§ **EXERCISE GOAL**
Go through the listing below and retype exactly the lines starting at the one with "The Road to $40 Million at Squared Away" and ending at the one with "Rimski Premaz Koji", skipping pictures.

§ **DATA EXCERPTS**
═══
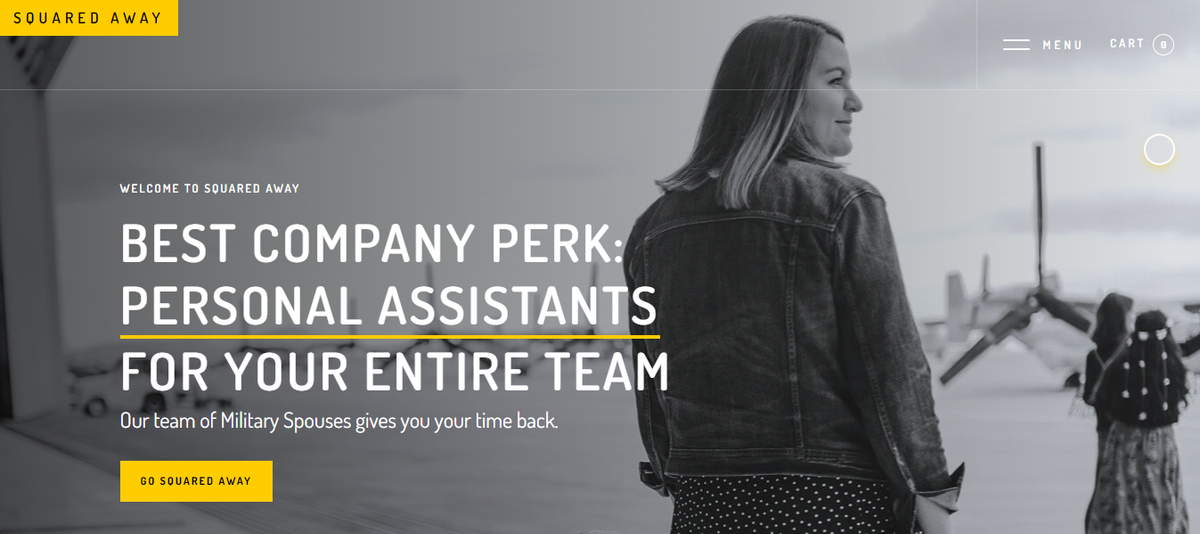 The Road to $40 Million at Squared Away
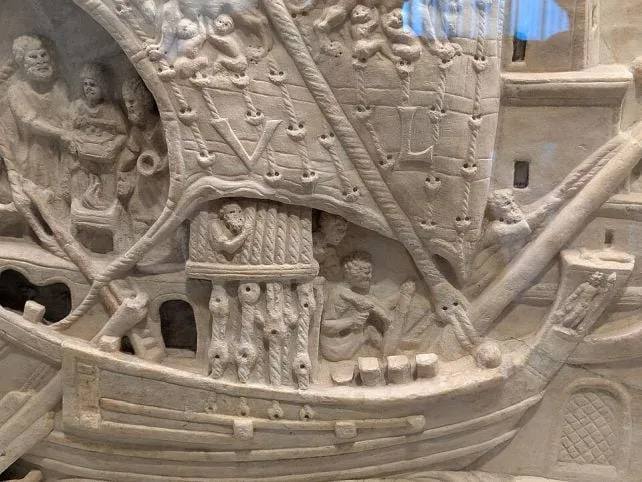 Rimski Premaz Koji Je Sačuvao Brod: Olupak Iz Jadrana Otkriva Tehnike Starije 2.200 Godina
═══
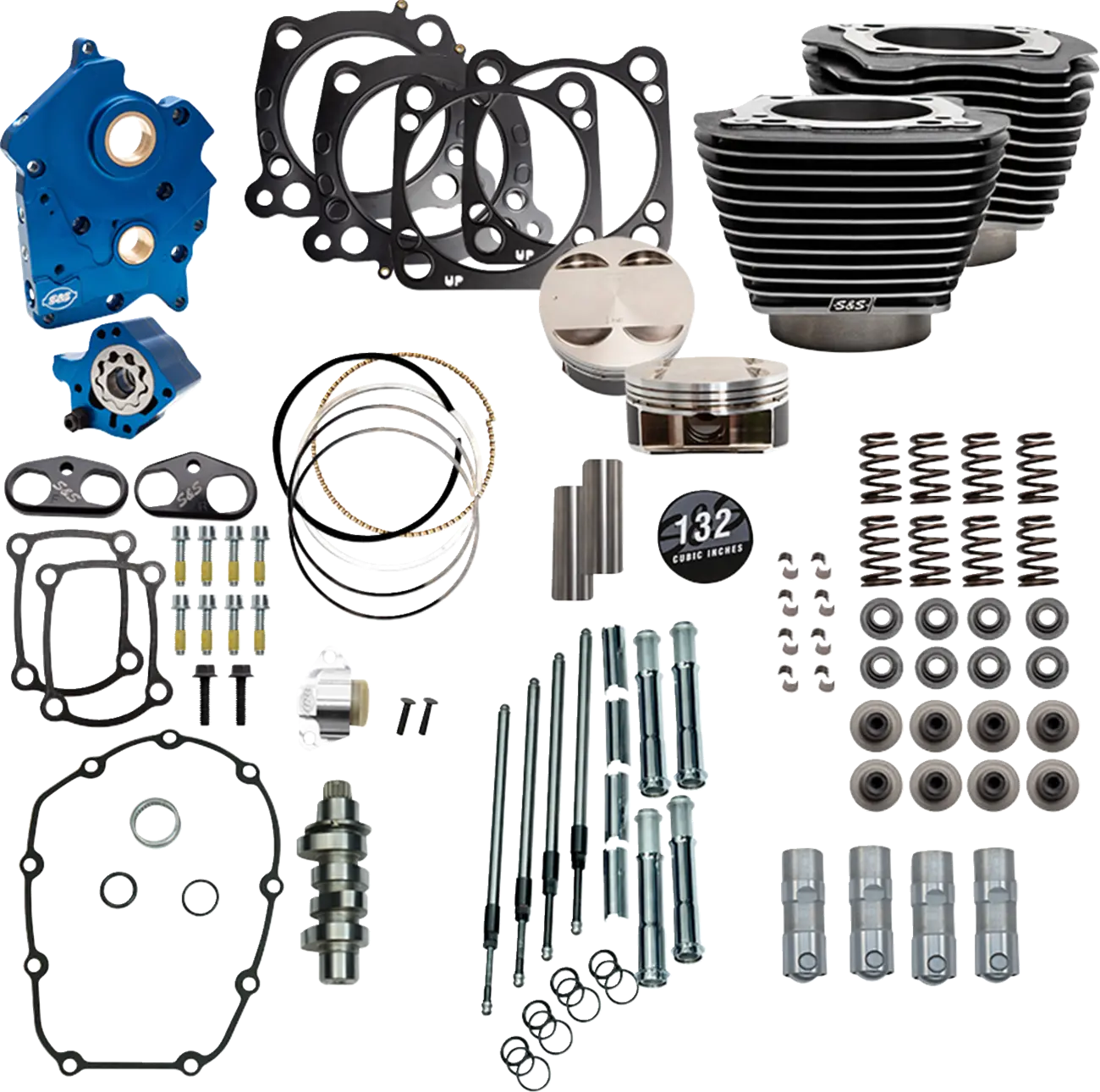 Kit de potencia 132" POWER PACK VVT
═══
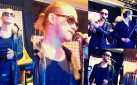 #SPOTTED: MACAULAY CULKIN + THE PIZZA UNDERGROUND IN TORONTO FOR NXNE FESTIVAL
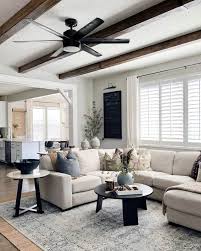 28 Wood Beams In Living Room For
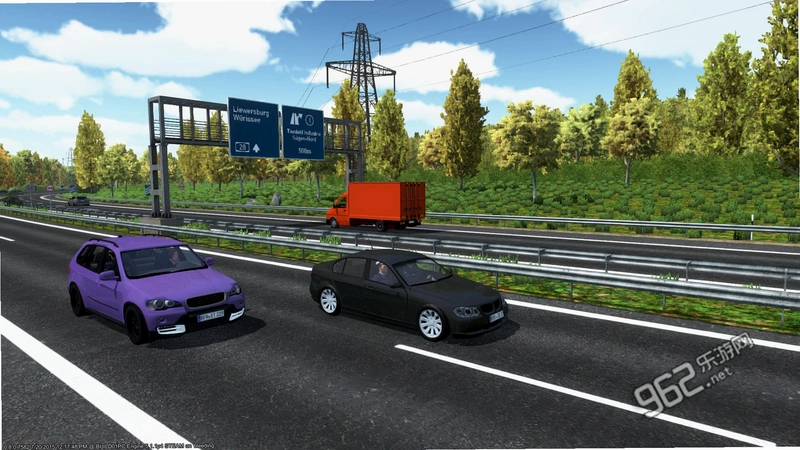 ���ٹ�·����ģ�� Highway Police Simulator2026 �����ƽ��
═══
§ **ANSWER TO THIS TASK**
 The Road to $40 Million at Squared Away
 Rimski Premaz Koji Je Sačuvao Brod: Olupak Iz Jadrana Otkriva Tehnike Starije 2.200 Godina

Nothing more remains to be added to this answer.